The 2007 Honda Civic Si sedan is one of the hottest family-friendly compact cars on the market. With 197 horsepower, an 8,000 RPM redline, a rock-solid suspension and a very reasonable price ($21,885 base, $23,835 as tested), the 2007 Honda Civic Si looks like a winner on paper. How does it work in real life? Read on. EPA fuel economy estimates 23 MPG city, 32 MPG highway.
First glance: Keep your license and registration in easy reach
If you have even the slightest hint of aggressive or adolescent driver in you, then I suggest you stop reading right now and give up any thought of buying a Honda Civic Si -- because it won't be long before you have enough speeding tickets to wallpaper a modestly-sized suburban home. The Civic Si's high-revving 197 horsepower 2-liter engine makes it the automotive equivalent of crack cocaine. One hit off the 8,200-or-so RPM rev limiter, one earful of the fantastilicious noises it makes, one push of the seat against your back as the variable valve timing system pours on the power at high revs, and you will be hooked.
The Civic Si reminds me of Honda's S2000 sports car: an alluring temptress of speed that simply doesn't take "no" for an answer. I have a decent amount of self-control and can usually drive the fastest cars with some restraint on public roads. After a week with the Civic Si, I found the only way to behave myself was not to start the engine.
The hot-rod Civic Si coupe premiered last year with the rest of the all-new Civic lineup; the Si sedan is new for 2007. By combining the thrills of the Si coupe with the family-friendly spaciousness of the regular Civic sedan, the Honda Civic Si sedan is an incredibly enjoyable way for devoted moms and dads to set a bad example for their children.
In the Driver's Seat: Minimal changes to one of my favorite interiors
I love the Civic's novel split-level dash (link goes to photo); it's one of the most modern and functional designs on the road. The Civic employs a digital speedometer, fuel and temperature gauges just below the windshield, while a big tachometer lives in the lower pod. Since high-revving antics are part of the Civic Si's nature, a red light next to the speedometer flashes when the engine revs past 7,500 RPM. Other features that differentiate the Si from lesser Civics: Unique seats, red gauge markings, red interior trim, and a small three-spoke steering wheel that looks like it should be attached to a Play Station rather than an automobile.
Fellow test-driver Liz Kim, who reviewed the Civic EX sedan, thought the back seat was lacking in space, but my six-foot-plus friends were happy back there.
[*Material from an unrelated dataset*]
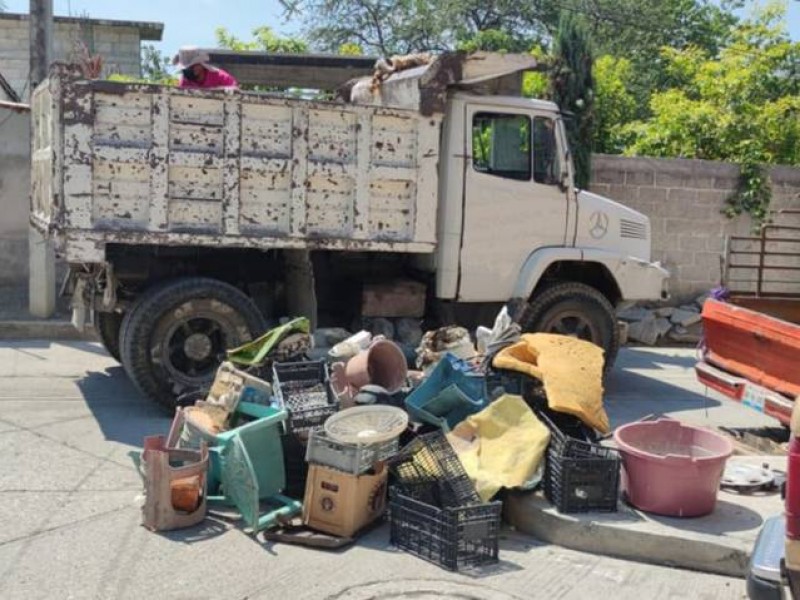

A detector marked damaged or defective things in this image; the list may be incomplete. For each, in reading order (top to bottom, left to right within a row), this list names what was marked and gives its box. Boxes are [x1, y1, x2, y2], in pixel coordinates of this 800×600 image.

broken furniture [141, 436, 209, 528]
Trunk space is decent, though far from best-in-class.
Power windows, locks and mirrors come standard, as does a host of safety equipment, including seat-mounted torso airbags, roof-mounted side curtain airbags, antilock brakes, and electronic stability and traction control. Complaint time: The Civic Si's combination of daytime running lights and always-illuminated dash gauges makes it easy to forget to turn the lights on at night. Cars that have DRLs really ought to have automatic headlights.
The option list consists of a navigation system ($1,750) and high-performance "summer" tires in place of the stock all-seasons ($200). No automatic transmission is offered; the Civic Si comes exclusively with a 6-speed stick.
On the Road: The devil inside
As fast as it is in a straight line, the Civic Si is just as wonderful in the curves. The steering responds sharply, though it doesn't offer as much feedback as I'd like. Lifting off the throttle in the middle of a fast curve will allow just a hint of oversteer (fishtailing). That won't mean much to most drivers, but hard-core enthusiasts are going to love it -- it's a level of handling balance not commonly found in front-wheel-drive cars. Springs and shocks do a perfect job of maintaining the body's composure, but they make for a very firm ride that, like the noise of the engine, gets tiresome on those long, uneventful drives.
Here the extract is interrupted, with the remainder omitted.